Like the Roman: The Life of Enoch Powell is a 1998 book by the English writer Simon Heffer. It is a biography of the politician Enoch Powell. The title is taken from Powell's 1968 Rivers of Blood speech when Powell quoted Virgil's Aeneid: "As I look ahead, I am filled with foreboding; like the Roman, I seem to see the River Tiber foaming with much blood".

==Reception==
Ian Aitken reviewed the book in the New Statesman: "At 1,024 pages, it would have benefited from some judicious cutting. But for all its length, it is never tedious. Heffer writes with the same lucidity as his subject, but happily without Powell's corkscrew-like sentence construction." In 2014, Sathnam Sanghera selected Like the Roman as one of the "top 10 books of the Midlands" for an article in The Guardian. Sanghera wrote: "Powell remains a highly controversial figure, but if you want to understand the story of postwar immigration in Britain, and, arguably, postwar British politics at large, you need to read this book."

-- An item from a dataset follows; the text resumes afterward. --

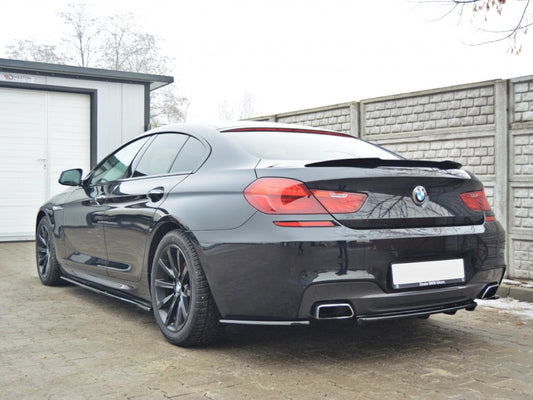 Central Rear Splitter (Vertical Bars) - BMW 6 Series (Gran Coupe M Sport)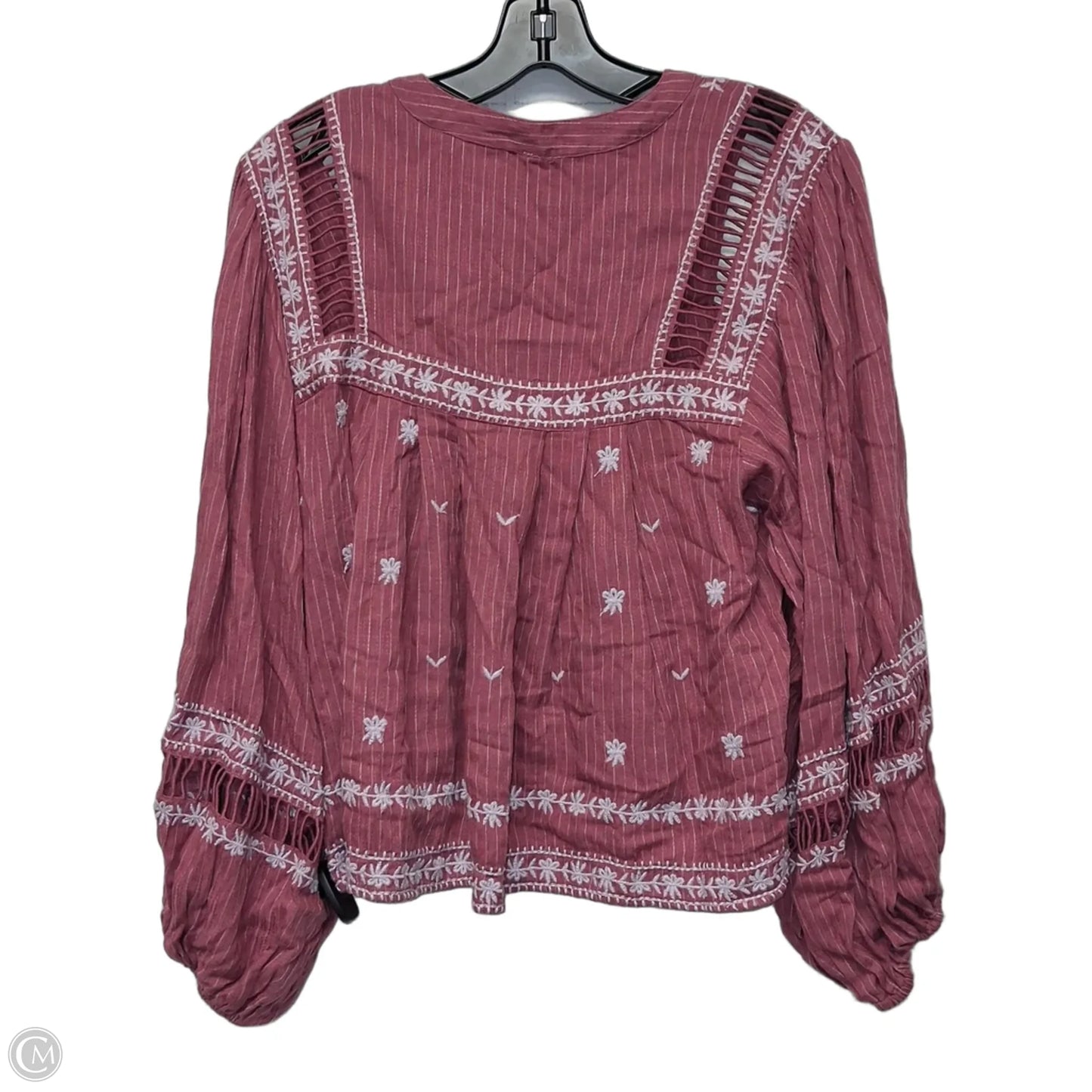 Top Long Sleeve By Free People In Pink, Size: Sp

In 2020, Mark Gilbert described the author and book as “being openly sympathetic to Powell’s views, and excessively inclined to recount in detail every speech and article that Powell ever made—and he made a lot—is nevertheless the best rightwing conservative narrative of postwar British politics that I know.”

The book was shortlisted for the 1999 Political Book of the Year and the 1999 Channel 4 Political Book of the Year Award.